ジョージナがジュースを注いで回り、クリスのグラスに入れながら、ふと気を逸(そ)らして零しそうになり、それを見たミッシーがジョージナに休むようにと促す。
団欒の場で酔っ払ったジェレミーが、子供の頃、柔道をやっていたと言うクリスに絡む。
「柔道?その体格と遺伝子構造だ。本気で鍛えれば、訓練次第だがな、とんでもない野獣になる…」
2階の部屋でローズは家族への不満をクリスにぶつける。
「パパは黒人を気取るし、何よ、あの口調。使い慣れてないのに、今じゃ口ぐせ。ママはジョージナにキツいし、ありえない。うちの家族もあの警官と同類。余計ガッカリよ」
ベッドに入ったクリスは、森の中で見た撥ねられ横たわる鹿にハエがたかっているのを想像する。
眠れずに起きたクリスは外へ出て煙草を吸おうとすると、全速力でウォルターがクリスの横を走り抜けて行った。
窓辺にジョージナが立っているのを見て、一驚(いっきょう)を喫するクリス。
部屋に戻ろうとすると、ミッシーに呼び止められ、改めて禁煙を勧められた。
ミッシーは母親のことを聞き、紅茶の砂糖をスプーンで掻き回して、クリスに催眠術をかけていく。
母親が戻らなかった雨の日、何もせずテレビを観て動こうとしなかったのことを思い浮かべ、涙を流すクリス。
体が動かなくなり、底に沈んでいくクリス。
ミッシーに目を閉じられるや否や、クリスは夢から覚め、ベッドから跳ね起きた。
翌日、クリスはカメラを持って家の周りで写真を撮っていると、上階の窓にジョージナが鏡の前でひたすら髪を整えているのが見えた。
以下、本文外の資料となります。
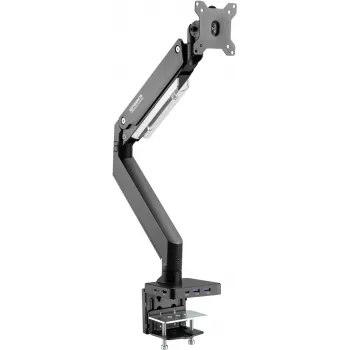SpeaKa Professional SP-MM-810 vienas grupas monitora galda stiprinājums 43,2 cm (17) - 88,9 cm (35) integrēta dokstacija, gāzes atsperes tehnoloģija, noliecams, grozāms (SP-10506476)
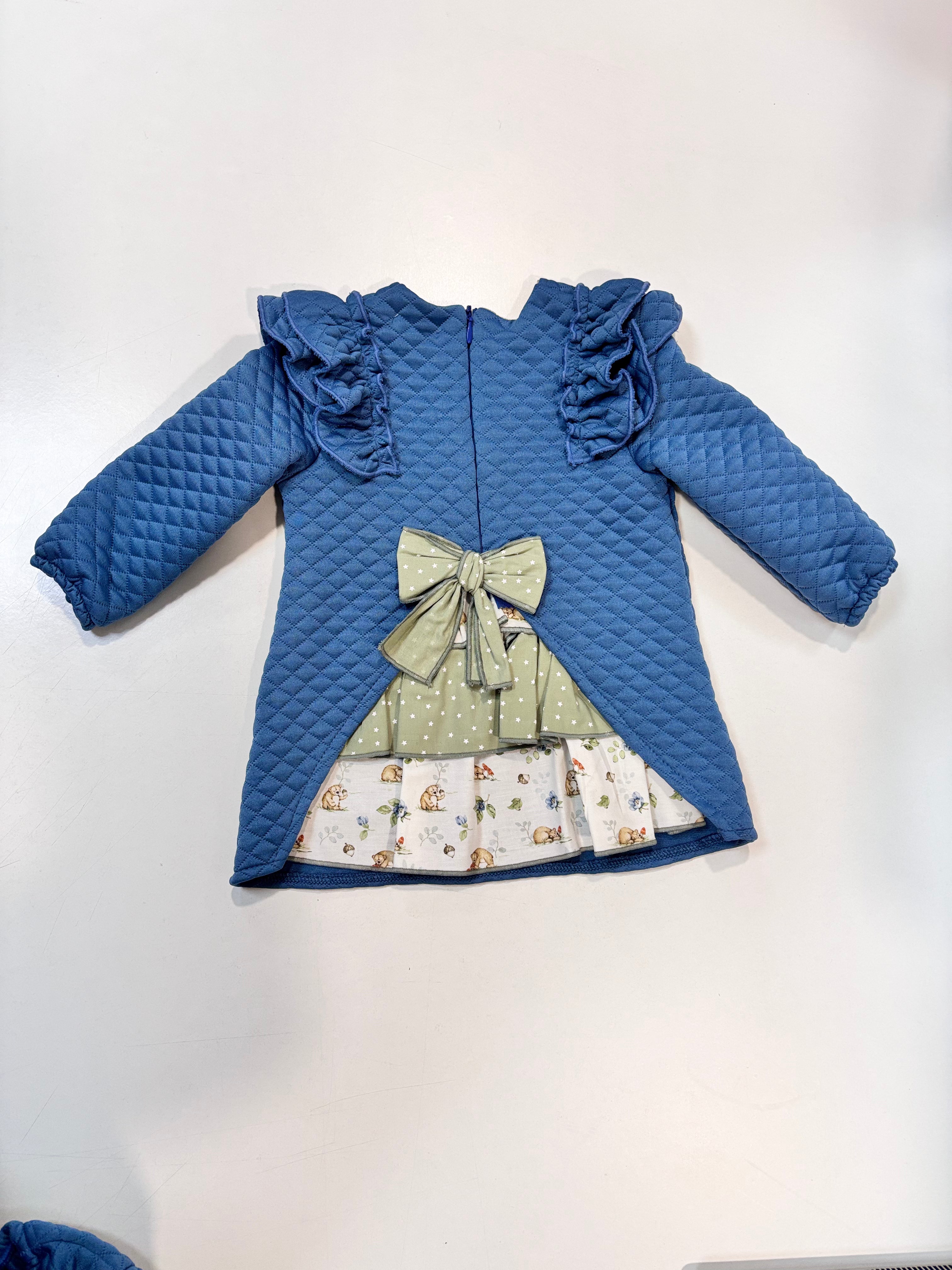 Vestido osos azul coco acqua 80251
カメラを向けズームアップしたら、突然こちらを向いたので、すぐカメラの方向を変えた。
次にクリスは薪を割っているウォルターに声をかけ、挨拶をすると、昨夜のことを驚かせたと詫び、「成功した?」と尋ねてきた。
ウォルターはミッシーから催眠術をかけられたことを知っていたのだ。
続々と白人たちが集合し、車から降りた招待客を、ウォルターはハグして歓待する。
ローズは親睦会にウンザリと言いながら、クリスには笑顔を通すように求め、次々に招待客を紹介する。
誰もがクリスと笑顔で接するが、明らかに黒人を意識した言動や振る舞いが見られた。
「それにしても、ハンサムね」と言って筋肉を触り、「強いの?」ローズに聞く中年女性。
「白い肌が好まれたのはこの200年ほどか、だが流行は繰り返す。時代は黒だよ」と初老の男。
リベラルぶってみせるが、クリスはカメラを撮って来ると言って、その場を離れた。
クリスはファインダー越しにパーティーの参加者を覗いて、その中に一人の黒人を見つけた。
「黒人がいて心強い」と声をかけると、振り返った男は「ええ、確かに」と答えたが、その仕草に違和感を覚えるクリス。
ローガン・キングと名乗るその黒人の元に、パートナーの中年婦人が近づき、その黒人を連れて別の招待客のところへ連れて行く。
少し離れた場所で椅子に座る杖を持った盲目の男。
「無知だ」
「誰が?」
「全員。口先だけで人の苦しみを分かってない。(私は)ジム・ハドソンだ」
「クリス」
「知ってる。君のファンだよ。いい目をしてる」
「まさか。ハドソン画廊のオーナー?」
「盲目の美術商への皮肉はよしてくれよ」
家の中に戻り、2階へ階段を上って行くと、招待客全員が、その足音に耳を傾け、耳を澄ませ、クリスの挙動に注目する。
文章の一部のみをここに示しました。